Task details. Retype every record exactly. Leave the pictures out.

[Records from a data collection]
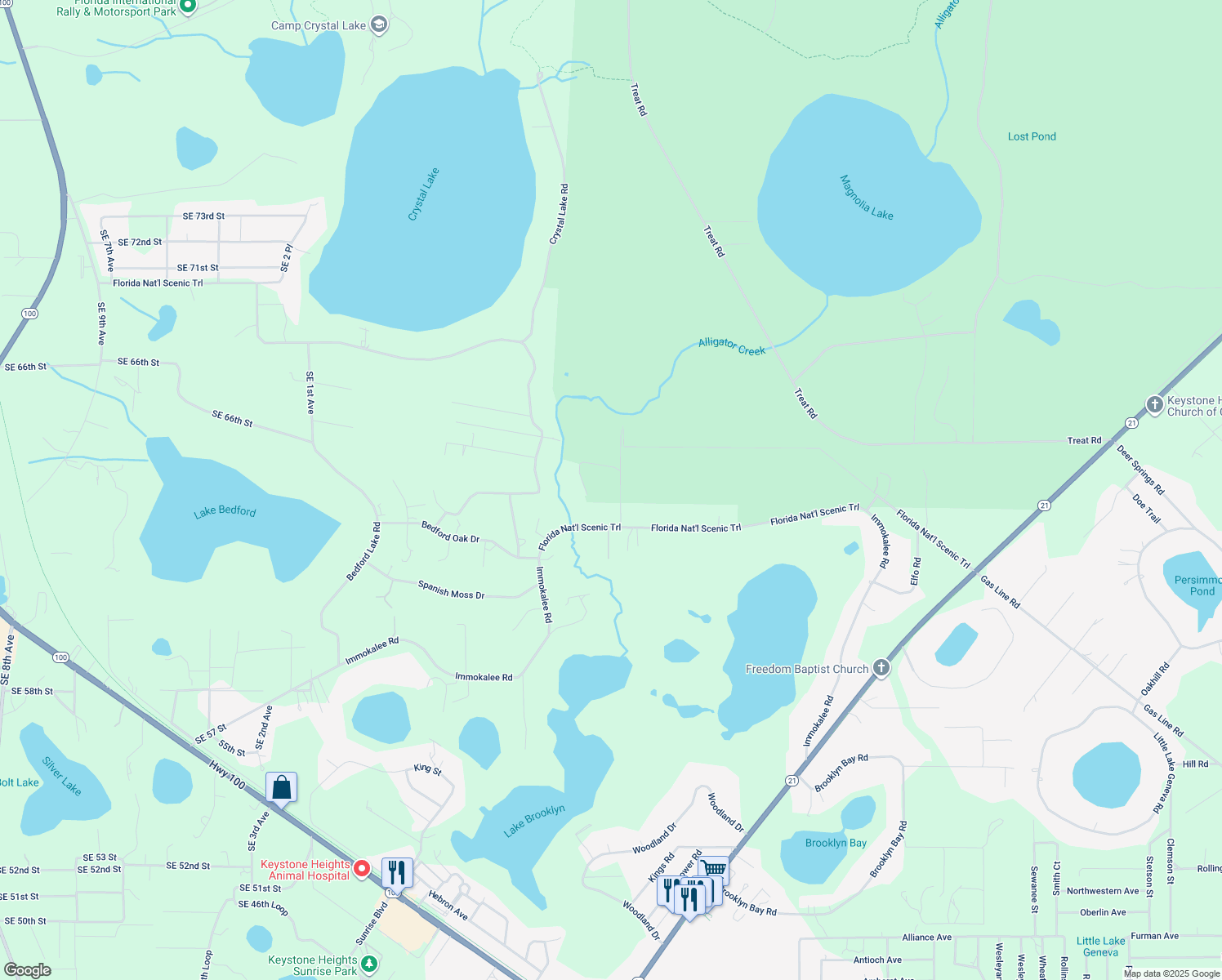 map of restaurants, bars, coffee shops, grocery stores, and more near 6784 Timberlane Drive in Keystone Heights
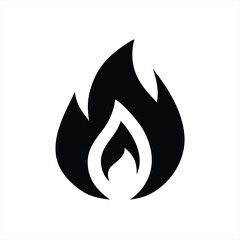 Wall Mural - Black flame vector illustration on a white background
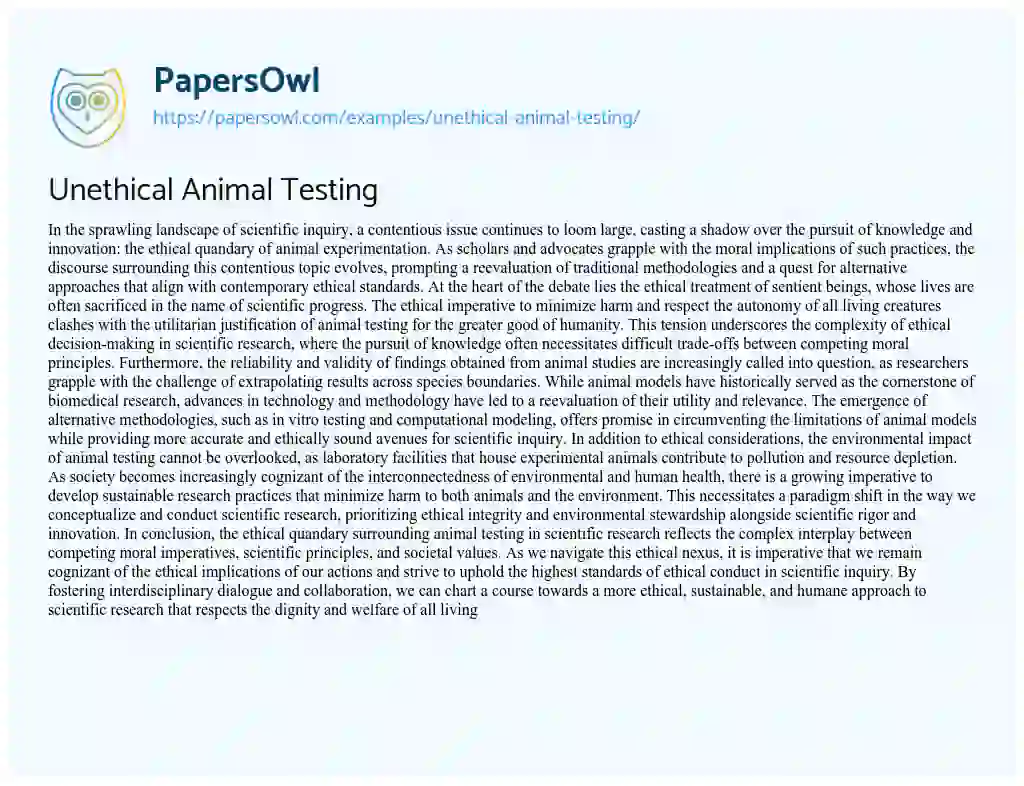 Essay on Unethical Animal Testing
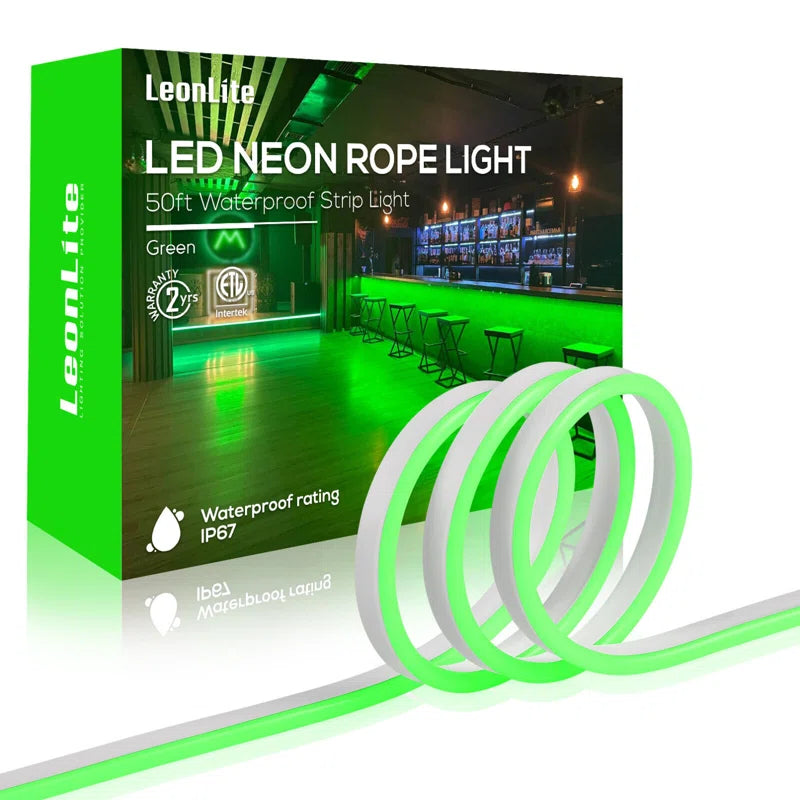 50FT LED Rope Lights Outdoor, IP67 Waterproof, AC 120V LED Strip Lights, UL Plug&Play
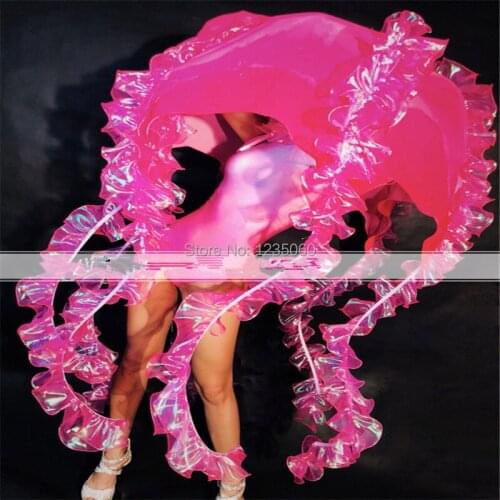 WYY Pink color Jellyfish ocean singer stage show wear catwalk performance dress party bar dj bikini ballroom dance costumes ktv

Response to the exercise.
 map of restaurants, bars, coffee shops, grocery stores, and more near 6784 Timberlane Drive in Keystone Heights
 Wall Mural - Black flame vector illustration on a white background
 Essay on Unethical Animal Testing
 50FT LED Rope Lights Outdoor, IP67 Waterproof, AC 120V LED Strip Lights, UL Plug&Play
 WYY Pink color Jellyfish ocean singer stage show wear catwalk performance dress party bar dj bikini ballroom dance costumes ktv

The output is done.